Department of Biology, Faculty of Sciences and Arts Khulais, University of Jeddah, Saudi Arabia; Department of Microbial Biotechnology, Genetic Engineering and Biotechnology Research Institute, University of Sadat City, Sadat City, Egypt.
Department of Microbial Biotechnology, Genetic Engineering and Biotechnology Research Institute, University of Sadat City, Sadat City, Egypt.
Microb Pathog. 2020 Oct;147:104384. doi: 10.1016/j.micpath.2020.104384. Epub 2020 Jul 15.
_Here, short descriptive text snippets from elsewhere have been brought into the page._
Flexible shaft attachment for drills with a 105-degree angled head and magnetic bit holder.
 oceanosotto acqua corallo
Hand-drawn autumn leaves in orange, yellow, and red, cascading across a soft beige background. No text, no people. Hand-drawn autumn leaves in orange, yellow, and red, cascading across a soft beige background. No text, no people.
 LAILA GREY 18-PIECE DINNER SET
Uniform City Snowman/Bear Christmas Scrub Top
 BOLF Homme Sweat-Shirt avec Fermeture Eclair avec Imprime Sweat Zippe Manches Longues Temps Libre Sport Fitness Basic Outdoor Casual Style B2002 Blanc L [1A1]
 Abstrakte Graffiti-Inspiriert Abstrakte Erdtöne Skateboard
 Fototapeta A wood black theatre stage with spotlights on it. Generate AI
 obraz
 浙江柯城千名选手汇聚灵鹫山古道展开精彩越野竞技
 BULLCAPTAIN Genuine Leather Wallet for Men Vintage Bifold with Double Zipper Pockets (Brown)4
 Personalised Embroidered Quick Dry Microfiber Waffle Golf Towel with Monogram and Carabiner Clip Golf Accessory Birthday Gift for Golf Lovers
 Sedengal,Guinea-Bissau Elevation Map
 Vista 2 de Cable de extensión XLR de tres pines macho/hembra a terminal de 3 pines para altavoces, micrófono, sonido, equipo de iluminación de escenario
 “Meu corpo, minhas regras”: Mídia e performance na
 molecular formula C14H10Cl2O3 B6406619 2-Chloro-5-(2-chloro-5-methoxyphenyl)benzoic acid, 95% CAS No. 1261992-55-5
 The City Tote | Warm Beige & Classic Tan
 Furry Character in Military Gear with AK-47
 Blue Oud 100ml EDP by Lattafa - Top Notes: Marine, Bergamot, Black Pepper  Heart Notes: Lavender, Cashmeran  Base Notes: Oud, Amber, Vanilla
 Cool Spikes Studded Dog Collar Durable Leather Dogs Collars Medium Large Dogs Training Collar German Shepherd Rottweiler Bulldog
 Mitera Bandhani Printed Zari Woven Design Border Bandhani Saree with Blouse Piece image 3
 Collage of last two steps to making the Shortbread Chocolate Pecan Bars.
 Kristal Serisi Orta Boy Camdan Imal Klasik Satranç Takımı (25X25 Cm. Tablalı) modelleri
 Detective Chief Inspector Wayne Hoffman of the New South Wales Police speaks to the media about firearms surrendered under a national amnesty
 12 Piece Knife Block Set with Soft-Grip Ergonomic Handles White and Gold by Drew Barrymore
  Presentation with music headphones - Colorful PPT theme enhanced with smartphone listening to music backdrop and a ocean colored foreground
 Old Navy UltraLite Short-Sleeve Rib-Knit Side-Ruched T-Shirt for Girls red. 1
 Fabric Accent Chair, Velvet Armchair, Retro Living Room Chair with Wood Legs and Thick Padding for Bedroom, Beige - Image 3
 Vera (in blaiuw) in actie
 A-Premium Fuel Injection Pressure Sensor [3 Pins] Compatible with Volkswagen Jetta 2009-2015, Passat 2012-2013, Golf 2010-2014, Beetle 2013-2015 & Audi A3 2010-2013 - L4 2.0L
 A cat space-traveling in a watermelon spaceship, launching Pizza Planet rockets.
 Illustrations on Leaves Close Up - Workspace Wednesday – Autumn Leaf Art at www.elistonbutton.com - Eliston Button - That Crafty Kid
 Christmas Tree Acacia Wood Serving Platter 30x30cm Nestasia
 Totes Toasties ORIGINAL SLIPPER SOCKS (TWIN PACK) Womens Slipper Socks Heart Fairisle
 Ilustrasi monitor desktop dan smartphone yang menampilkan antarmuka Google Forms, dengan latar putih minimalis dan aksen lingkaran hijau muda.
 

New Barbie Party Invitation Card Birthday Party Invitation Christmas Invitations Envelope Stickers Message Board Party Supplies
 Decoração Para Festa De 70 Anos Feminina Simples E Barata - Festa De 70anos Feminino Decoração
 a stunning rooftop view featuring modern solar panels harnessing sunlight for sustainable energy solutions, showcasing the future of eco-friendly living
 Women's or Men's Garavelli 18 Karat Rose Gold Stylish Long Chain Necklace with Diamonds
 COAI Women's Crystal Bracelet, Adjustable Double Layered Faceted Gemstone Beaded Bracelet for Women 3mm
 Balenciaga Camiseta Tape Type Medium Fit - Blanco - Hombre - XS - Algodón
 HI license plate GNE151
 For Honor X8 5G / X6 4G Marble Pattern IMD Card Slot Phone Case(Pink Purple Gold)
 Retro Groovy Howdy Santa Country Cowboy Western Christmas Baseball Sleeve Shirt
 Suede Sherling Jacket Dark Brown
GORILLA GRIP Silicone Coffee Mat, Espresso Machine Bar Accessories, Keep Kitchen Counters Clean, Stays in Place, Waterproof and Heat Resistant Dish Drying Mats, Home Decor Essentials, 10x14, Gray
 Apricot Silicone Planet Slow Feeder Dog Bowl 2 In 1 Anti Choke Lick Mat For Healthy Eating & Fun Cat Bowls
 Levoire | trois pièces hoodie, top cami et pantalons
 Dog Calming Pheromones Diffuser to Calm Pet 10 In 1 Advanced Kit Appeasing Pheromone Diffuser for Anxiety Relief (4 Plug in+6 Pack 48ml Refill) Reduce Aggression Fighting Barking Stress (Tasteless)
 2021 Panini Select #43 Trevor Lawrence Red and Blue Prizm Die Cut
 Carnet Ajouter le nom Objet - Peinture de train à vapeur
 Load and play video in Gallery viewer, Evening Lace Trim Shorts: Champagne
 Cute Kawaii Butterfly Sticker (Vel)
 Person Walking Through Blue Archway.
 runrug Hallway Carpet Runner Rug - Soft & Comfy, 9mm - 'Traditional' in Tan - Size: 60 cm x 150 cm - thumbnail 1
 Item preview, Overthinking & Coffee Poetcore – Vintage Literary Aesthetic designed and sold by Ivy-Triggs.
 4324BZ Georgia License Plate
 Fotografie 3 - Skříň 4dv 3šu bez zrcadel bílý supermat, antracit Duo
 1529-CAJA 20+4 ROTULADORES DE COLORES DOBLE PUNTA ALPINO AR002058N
ZnO nanoparticles (ZnO-NPs) can be used as nano medicine for Staphylococcus aureus infection, which causes deleterious effects on liver, kidney and lung tissue, as it causes catarrhal bronchitis, peri-bronchial oedema, lymphocytic granulomas, oedematous fluid and haemorrhage inside the bronchi, and interstitial pneumonia. In this research ZnO nanoparticle (ZnO-NPs) synthesis by biogenic method using green alga Ulva fasciata and by wet chemical method. Both of them tested in vitro and in vivo against Staphylococcus aureus. The characterization of ZnO-NPs was detected by U.V spectroscopy, Fourier-transform infrared (FTIR), Energy dispersive X-ray spectroscopy (EDX), X-ray diffraction (XRD), Scanning Electron Microscope (SEM) and Transmission Electron Microscope (TEM). In vivo assessment eight groups, each group contain of five rats and the treatment as follow (1) an uninfected control group; (2) an infected group; groups (3), (4), and (5) were injected with biogenic or chemical ZnO-NPs or zinc acetate, as the bulk group, respectively; and groups (6), (7) and (8) were infected and then treated in the same manner as groups (3), (4), and (5), respectively. The blood profile, biochemical parameters, phagocytic activity and histological assessment of liver, kidney and lung tissue of each rat was investigated after 20 days. The rats treated with 5 mg/1 kg natural ZnO-NPs showed improved lung characteristics, and the number of platelets in the infected groups treated with ZnO-NPs from chemical and natural sources (G6 and G7) was close to those in the control group. However, the trend was reversed for regarding lymphocytes, which remained at higher levels in uninfected animals treated with synthetic ZnO-NPs (G4) than in infected rats treated with synthetic ZnO-NPs (G7). Moreover, a significant difference in phagocytic activity was found among all groups compared to that of controls. Compared to control group rats (G1), uninfected rats injected with only natural ZnO-NPs (G3) showed a significant (P < 0.05) improvement in the phagocytic index. We propose that ZnO-NPs produced from natural sources are preferable to those produced from chemical sources for use as nano medicine for the treatment of S. aureus infection in albino rats.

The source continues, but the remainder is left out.